Free State (formerly Orange Free State) is the first-class cricket team representing the province of Free State (known as Orange Free State until 1995) in South Africa. For the purposes of the SuperSport Series, Free State merged with Griqualand West and formed the Eagles cricket team franchise.
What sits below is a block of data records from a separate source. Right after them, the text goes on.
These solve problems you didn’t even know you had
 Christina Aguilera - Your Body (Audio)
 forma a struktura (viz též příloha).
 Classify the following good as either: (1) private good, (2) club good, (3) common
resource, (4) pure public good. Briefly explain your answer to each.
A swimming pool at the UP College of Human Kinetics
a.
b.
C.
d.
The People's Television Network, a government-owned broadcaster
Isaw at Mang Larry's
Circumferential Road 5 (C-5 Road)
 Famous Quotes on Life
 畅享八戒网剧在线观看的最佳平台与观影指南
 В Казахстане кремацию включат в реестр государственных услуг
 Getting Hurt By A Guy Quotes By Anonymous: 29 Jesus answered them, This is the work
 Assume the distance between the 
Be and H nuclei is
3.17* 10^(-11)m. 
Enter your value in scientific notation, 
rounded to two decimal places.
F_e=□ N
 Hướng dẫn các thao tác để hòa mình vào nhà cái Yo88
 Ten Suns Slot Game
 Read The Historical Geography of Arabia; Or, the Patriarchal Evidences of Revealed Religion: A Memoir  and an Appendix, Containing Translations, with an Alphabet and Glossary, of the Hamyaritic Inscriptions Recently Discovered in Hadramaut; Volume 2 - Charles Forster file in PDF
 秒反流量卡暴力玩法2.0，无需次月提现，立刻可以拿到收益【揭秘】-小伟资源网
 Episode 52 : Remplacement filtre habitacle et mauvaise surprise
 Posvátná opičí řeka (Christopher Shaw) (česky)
The team was called Orange Free State from January 1904 to April 1995; it has been part of the Eagles from October 2004.

Honours

 Currie Cup (3) – 1992–93, 1993–94, 1997–98 ; shared (0) – 
 Standard Bank Cup (4) – 1988–89, 1993–94, 1994–95, 1995–96
 South African Airways Provincial Three-Day Challenge (0) – 
 South African Airways Provincial One-Day Challenge (1) – 2004–05
 Gillette/Nissan Cup (2) – 1991–92, 1992–93

Venues
Venues have included:
 Ramblers Cricket Club Ground, Bloemfontein (Jan 1904 – Feb 1986)
 South African Railways Club Old Ground, Bloemfontein (Jan 1938 – Dec 1939)
 Welkom Mines Recreation Ground (occasional venue Nov 1954 – Nov 1963)
 University of Orange Free State Ground, Bloemfontein (Oct 1986 – Dec 1993)
 Harmony Gold Mine Cricket Club A Ground, Virginia (four matches Nov 1986 – Sept 1991)
 Goodyear Park, Bloemfontein (Oct 1989–present)
 Rovers Cricket Club, Welkom (two games 1981 – 1985)

Squad
In April 2021, Cricket South Africa confirmed the following squad ahead of the 2021–22 season.

 Mbulelo Budaza
 Gerald Coetzee
 Patrick Kruger
 Wandile Makwetu
 Migael Pretorius
 Jacques Snyman
 Pite van Biljon
 Raynard van Tonder
 Farhaan Behardien
 Patrick Botha
 Matthew Kleinveldt
 Gregory Mohlokwana
 Mangaliso Mosehle
 Alfred Mothoa
 Dilivio Ridgaard
 Nealan van Heerden

References

Sources
 South African Cricket Annual – various editions
 Wisden Cricketers' Almanack – various editions

South African first-class cricket teams
Cricket in the Free State (province)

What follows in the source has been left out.